Interviews, Comment & Analysis @ch_skysports

Will Rondale Moore ignite the Arizona Cardinals offense? Kliff Kingsbury may finally be realising how to get the best from the second-year receiver; watch the Cardinals take on the San Francisco 49ers live in Monday Night Football in Mexico from 1.15am in the early hours of Tuesday

Last Updated: 21/11/22 12:19pm


Cardinals receiver Rondale Moore is enjoying one of the most productive runs of his NFL career

The Arizona Cardinals may have reminded themselves recently of the gem they have in Rondale Moore – more expansive deployment of whom is threatening to unlock the best of the second-year wide receiver.

Such can be the way of today’s NFL that the smaller, speedier, yards-after-catch-savvy receivers coming out of college are shoehorned into the trendy ‘gadget’ mould, the on-field definition of which is something along the lines of ‘look at what we can do with a non-running back in the backfield’.

‘Gadget’ serves to applaud the versatility of elusive ball-carrying receivers who fog the defense’s read of a play-call with pre-snap motion behind the line of scrimmage and disguised hand-offs and just about anything contrary to your conventional downfield route.
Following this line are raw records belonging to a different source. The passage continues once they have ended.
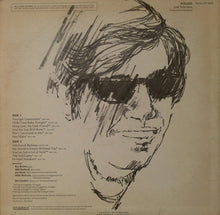 Load image into Gallery viewer, José Feliciano : Souled (LP, Album, Roc)
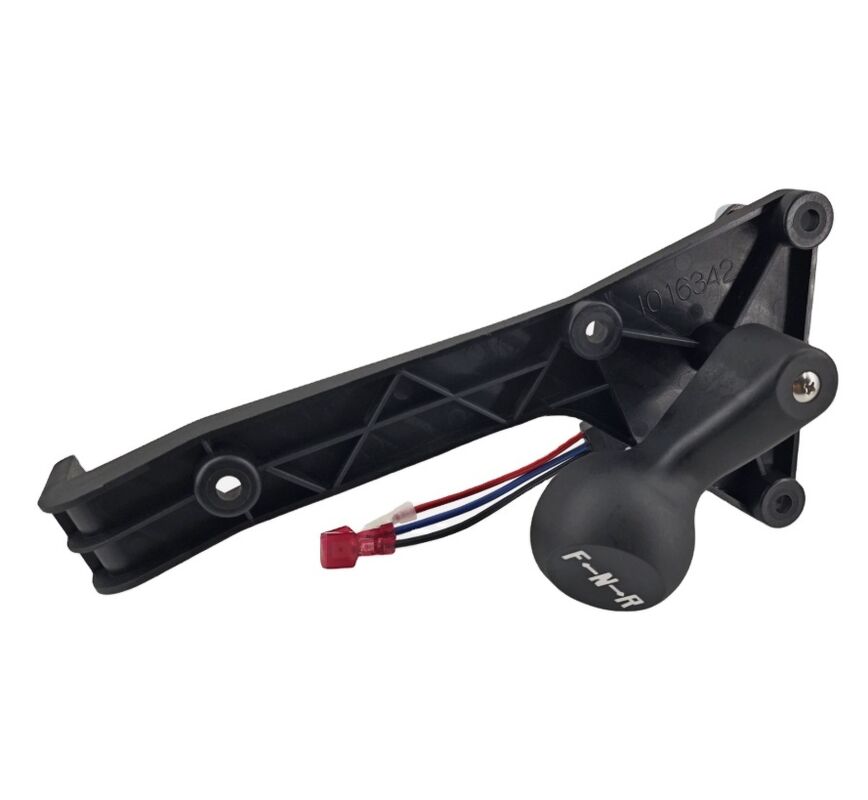 1016947 F&R Bộ lắp ráp bộ chuyển đổi cho xe Club Ds Xe gôn xăng 1992-up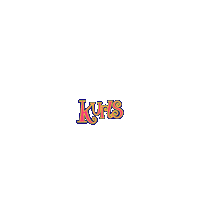 Barbarasalem swipe up barbarasalem kurls Sticker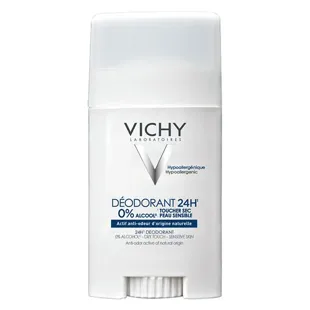 Vichy Deodorante Stick 3S 40ml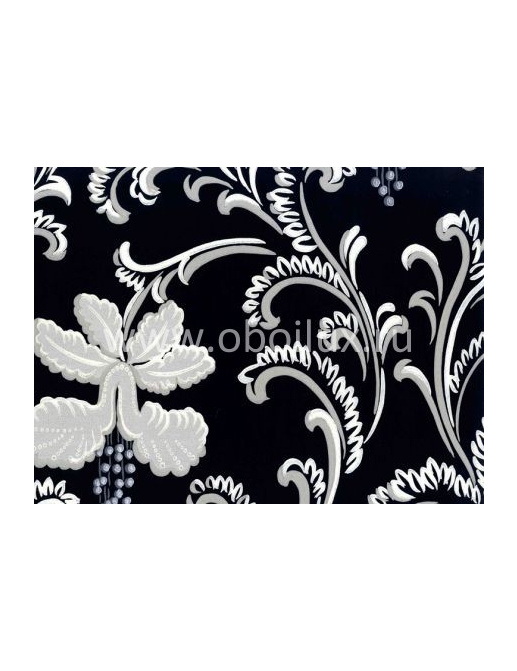 Обои Designers Guild Arabella P498/03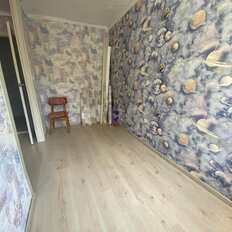 Квартира 23 м², 1-комнатная - изображение 2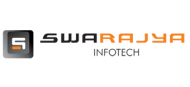 Swarajya Infotech Mobile App Development institute in Mumbai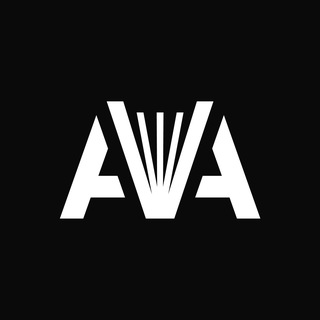 АРБИТРАЖНЫЙ АТЛАС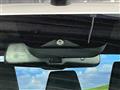 2024 Mitsubishi Triton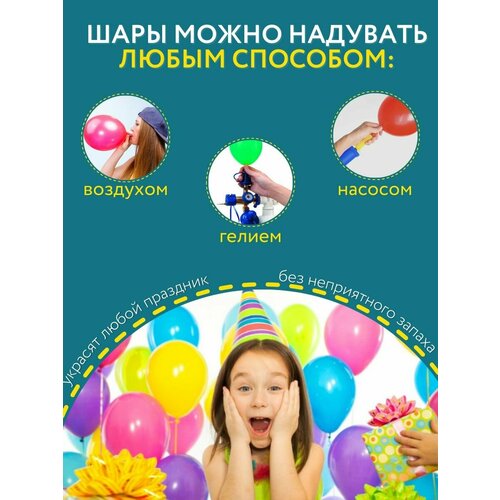 ������ ������ ��������� ���� �� ��������, ��������������, 80 �� ������ ����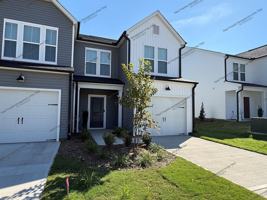 featured image of 1614 Eckert Ln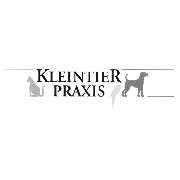 Dr.med.vet. K. Hofmeister u. R. Bachmann Kleintierpraxis - LOGO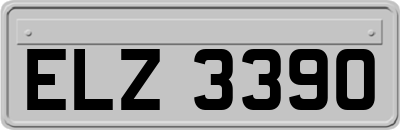 ELZ3390
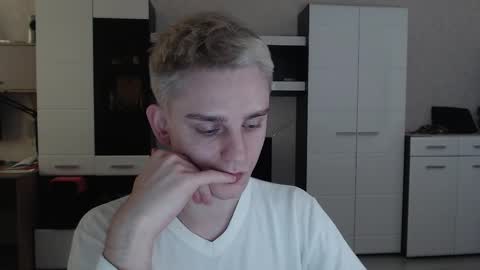 vodka online show from February 2025 10:48:01 AM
It too can be a disservice to a receiver’s traditional pass-catching, route-running traits while casting a shadow of uncertainty over their role.

Moore naturally assumed said narrative as he came out of Purdue with a reputation as a run-after-catch demon tailored to a time of deep-shell coverages that would vacate space in which to operate underneath, and at a time when offensive coordinators were competing to see who could use their receivers in the most innovative, funky way.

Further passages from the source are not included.